Action item: Transcribe word for word each line from the one containing "A woman lying" to the final line of the data, both included. Skip the pictures.
──────────────────────────────
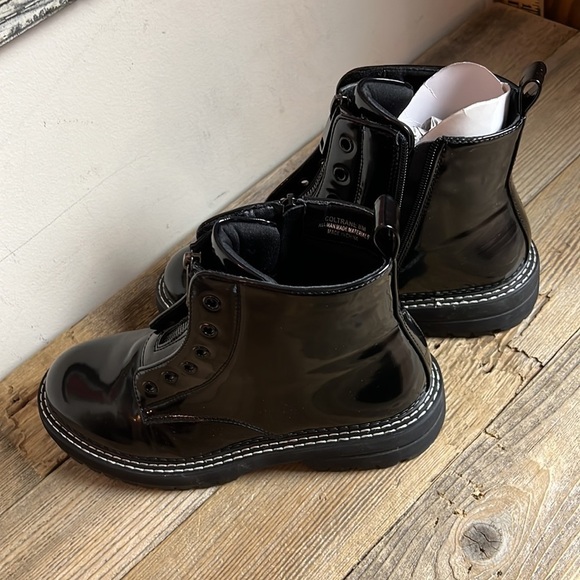 Women’s dunes black patent leather coltrane combat boots. Size 8. EUC. - Picture 4 of 7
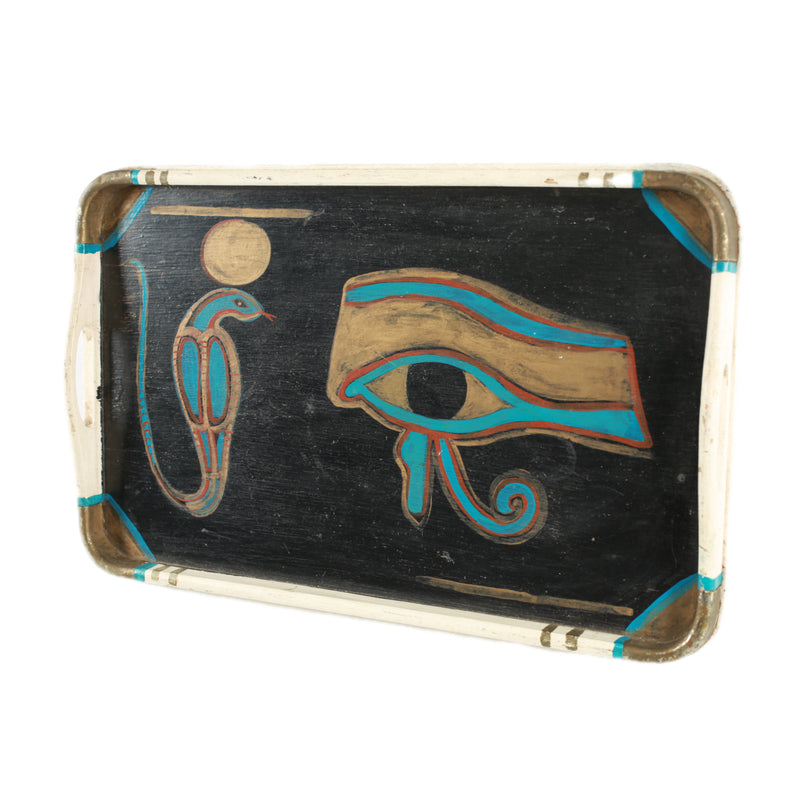 Vintage Egyptian Heiroglyphics Hand Painted Wood Rolling Tray front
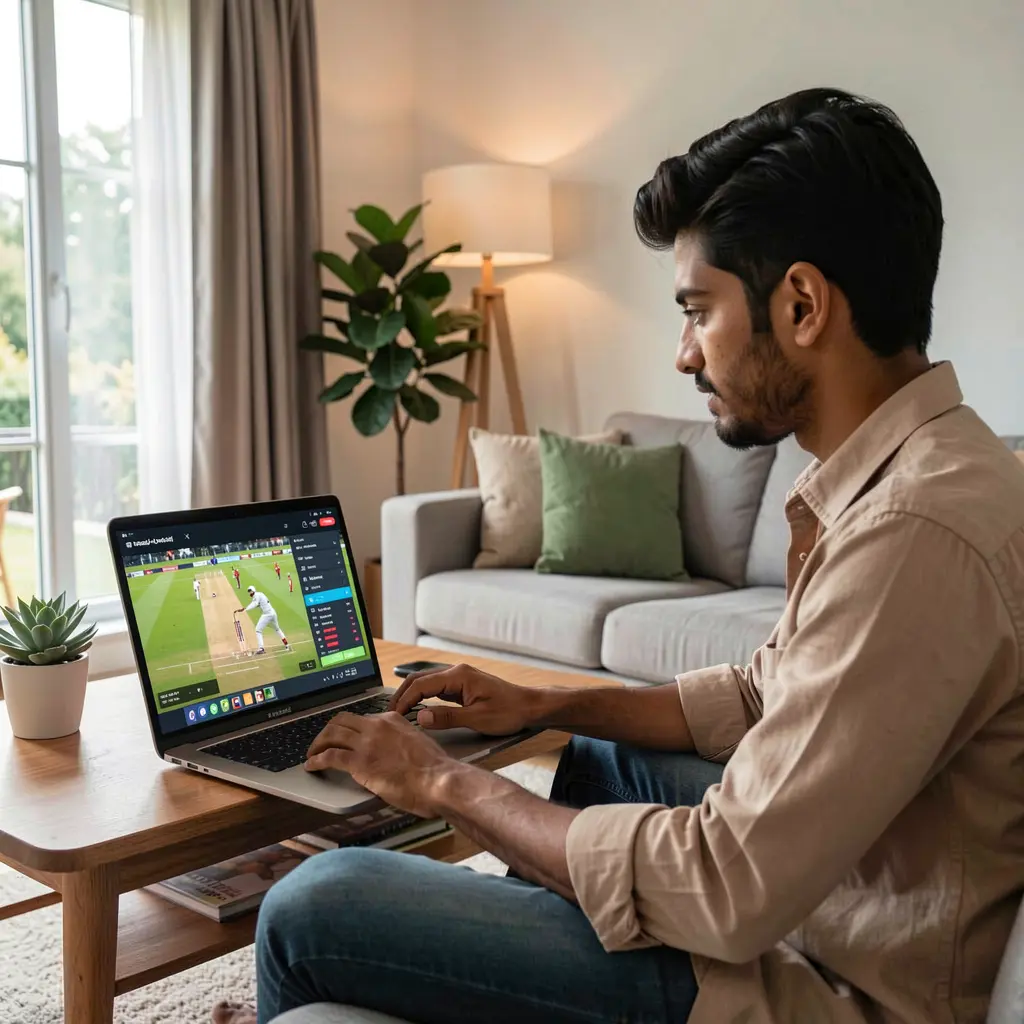 Focused Bangladeshi sports bettor analyzing live cricket odds and match statistics on the KASH777 betting platform from a modern living room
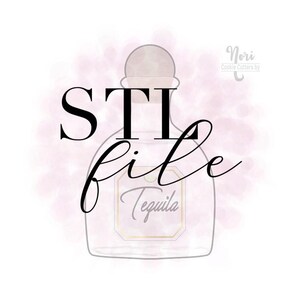 May include: An outline of a tequila bottle with the words "STI file" in black script. The word "Tequila" is written on a label in a gold frame. The background is a soft pink watercolor wash.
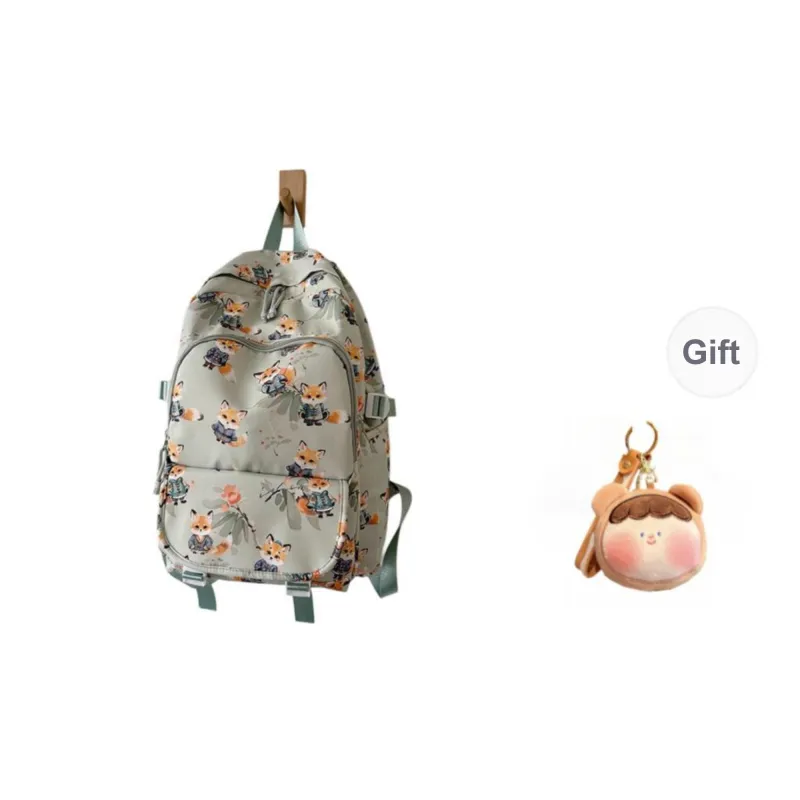URBAN FOREST Nylon Backpack Unisex Brown/Pink/Beige/Green/Black-11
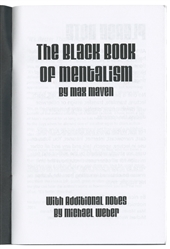  MAVEN, Max (1950 – 2022). The Black Book of Mentalism. [Los...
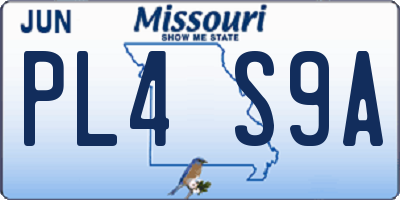 MO license plate PL4S9A
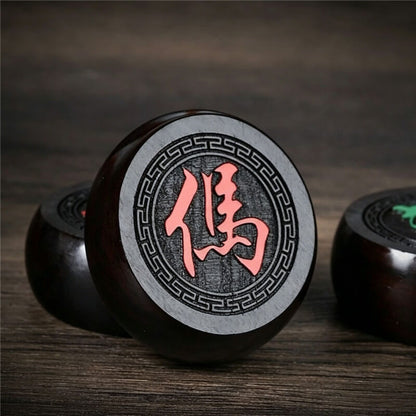 Ebony Wood Chinese Chess Set with Folding Wooden Board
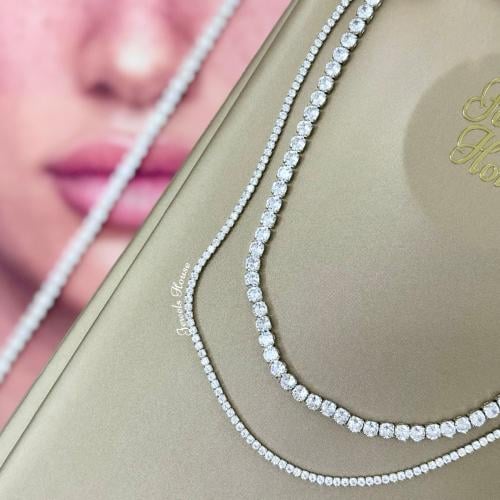 سلسال تنس أنيق مطلي ومرصع بالالماس الصناعي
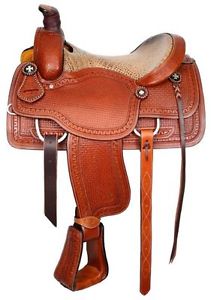 15" or 16" Basketweave tooled Circle S Roping saddle with alligator print seat.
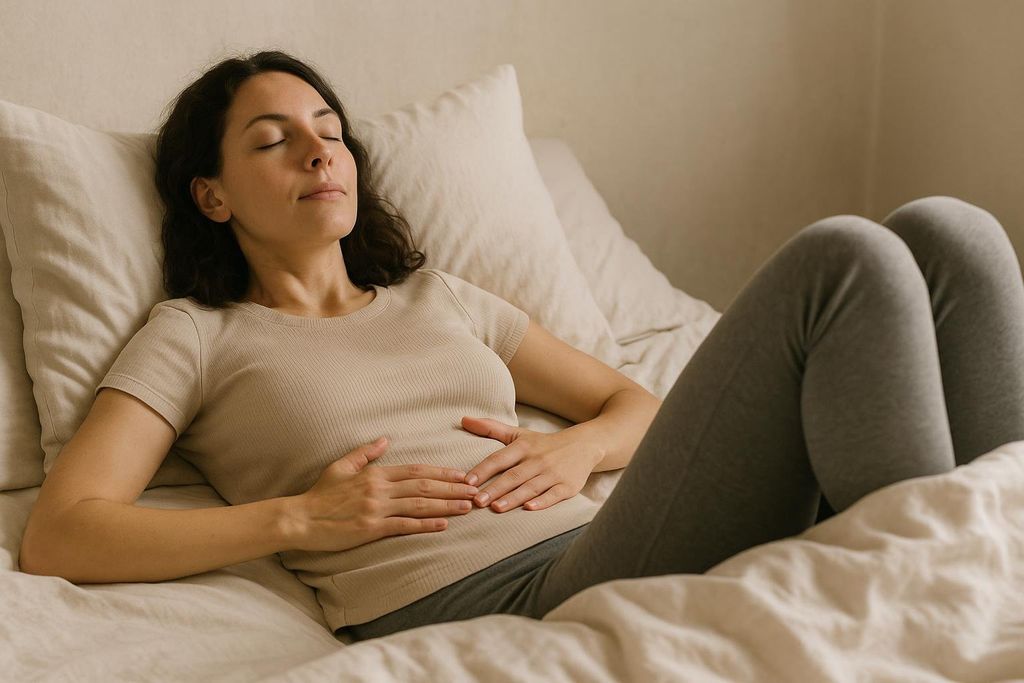 A woman lying on her back in bed with her eyes closed and hands resting on her stomach, practicing deep breathing.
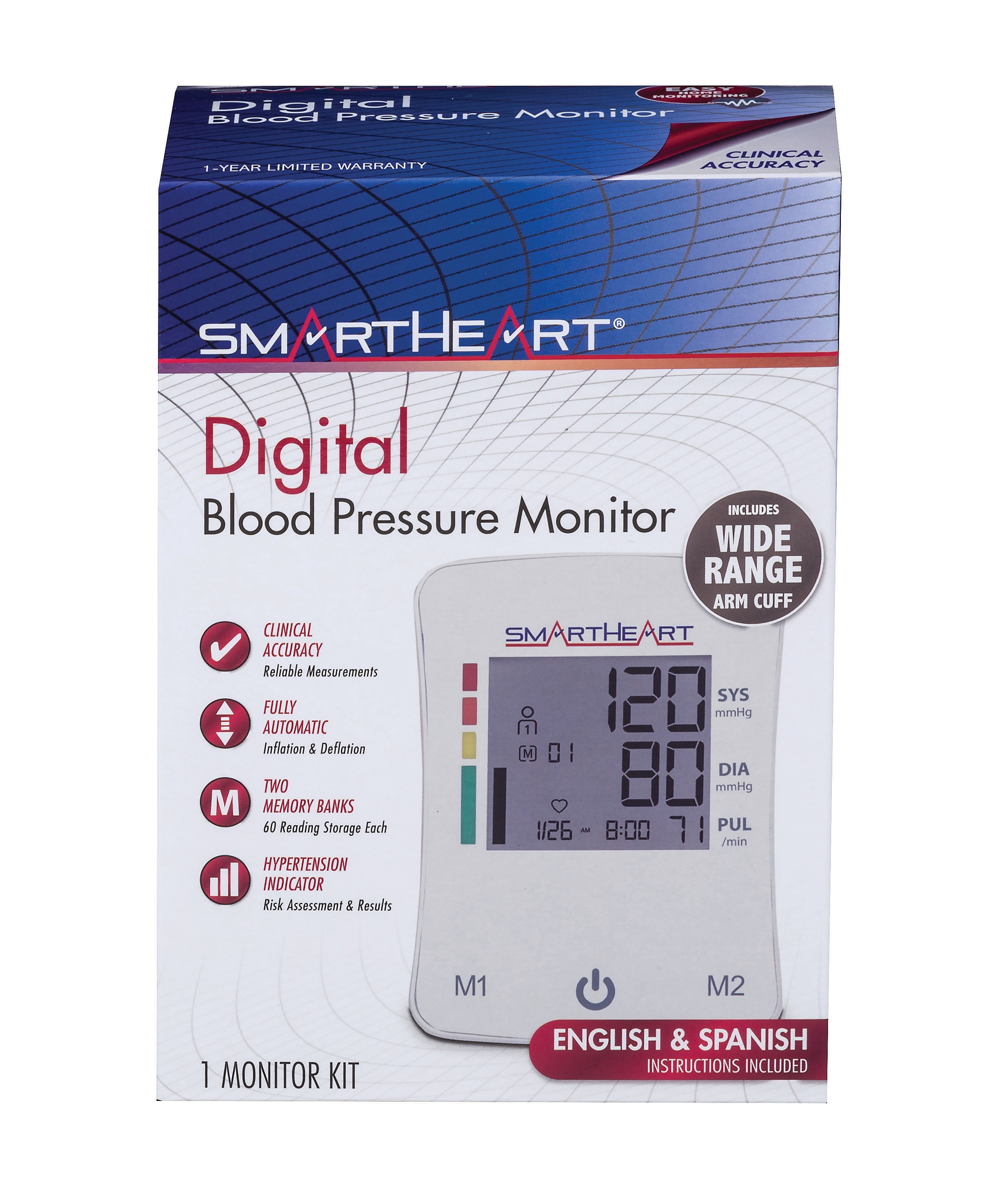 SmartHeart Automatic Digital Blood Pressure Arm Monitor | Wide-Range Upper Arm Cuff | 2-Person Memory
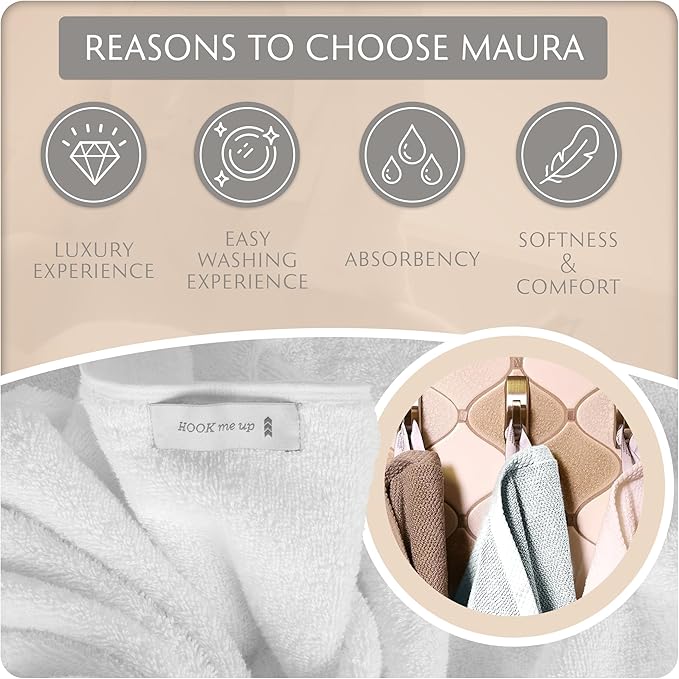 MAURA Basics Hand Towels for Bathroom with Hanging Hook Loops. Soft, Durable, Long Lasting and Absorbent Hand Towel Sets for Bathroom, American Standard Size 16"x28", White
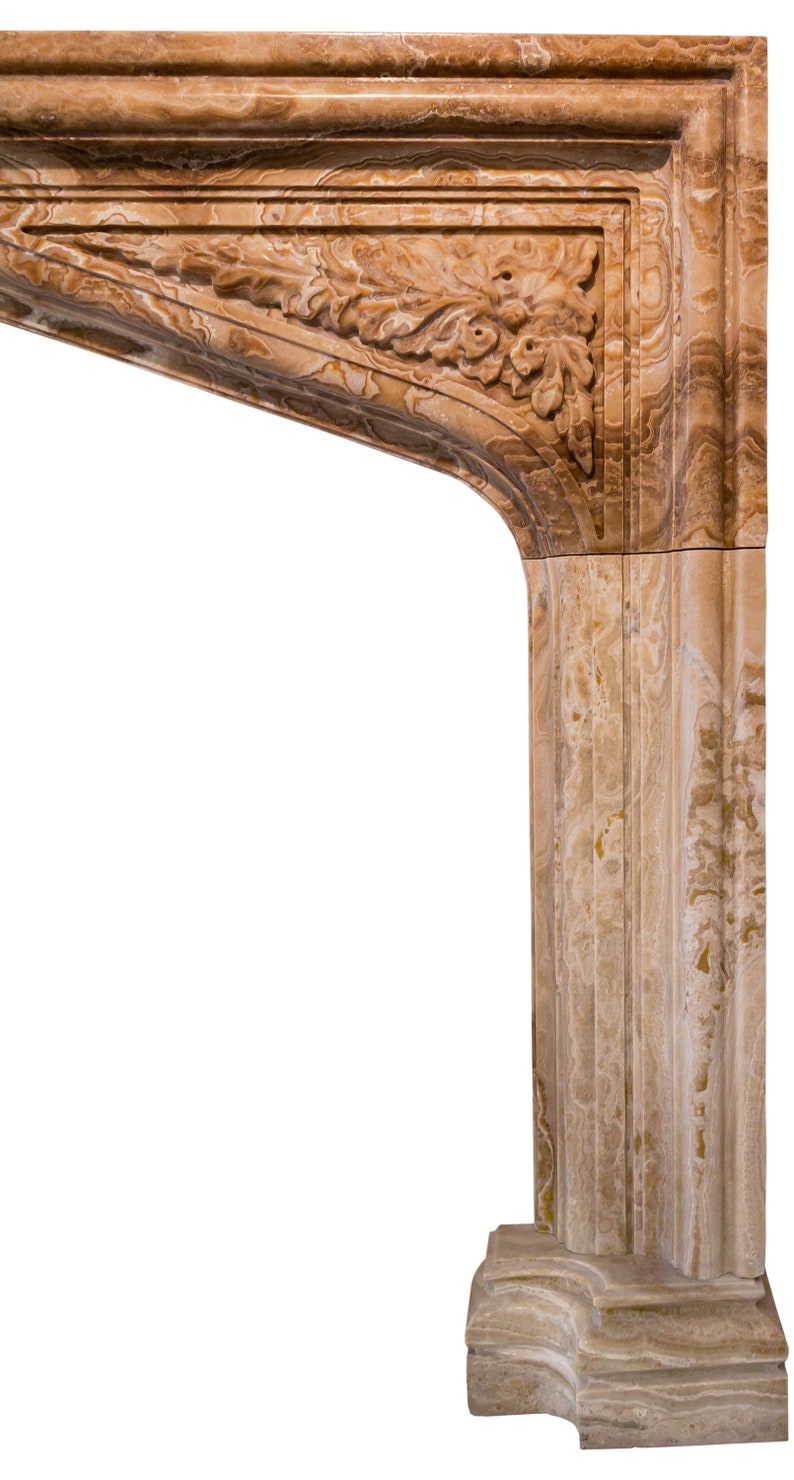Honey Onyx Translucent Natural Stone French Villa Style Hand-carved Fireplace Surround (L)57" (H)52" (W)6"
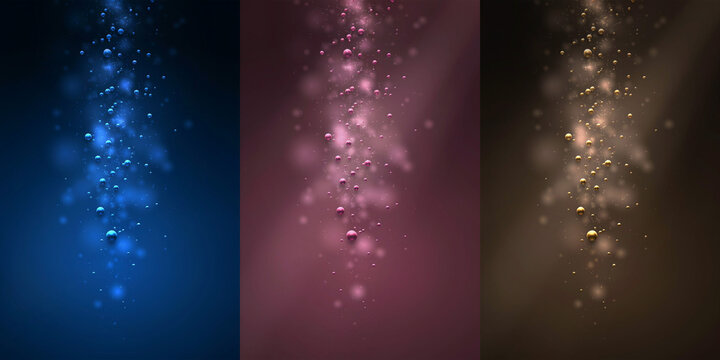 Abstract backgrounds with floating glowing particles in blue, pink, and bronze color variations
──────────────────────────────
The answer:
 A woman lying on her back in bed with her eyes closed and hands resting on her stomach, practicing deep breathing.
 SmartHeart Automatic Digital Blood Pressure Arm Monitor | Wide-Range Upper Arm Cuff | 2-Person Memory
 MAURA Basics Hand Towels for Bathroom with Hanging Hook Loops. Soft, Durable, Long Lasting and Absorbent Hand Towel Sets for Bathroom, American Standard Size 16"x28", White
Honey Onyx Translucent Natural Stone French Villa Style Hand-carved Fireplace Surround (L)57" (H)52" (W)6"
 Abstract backgrounds with floating glowing particles in blue, pink, and bronze color variations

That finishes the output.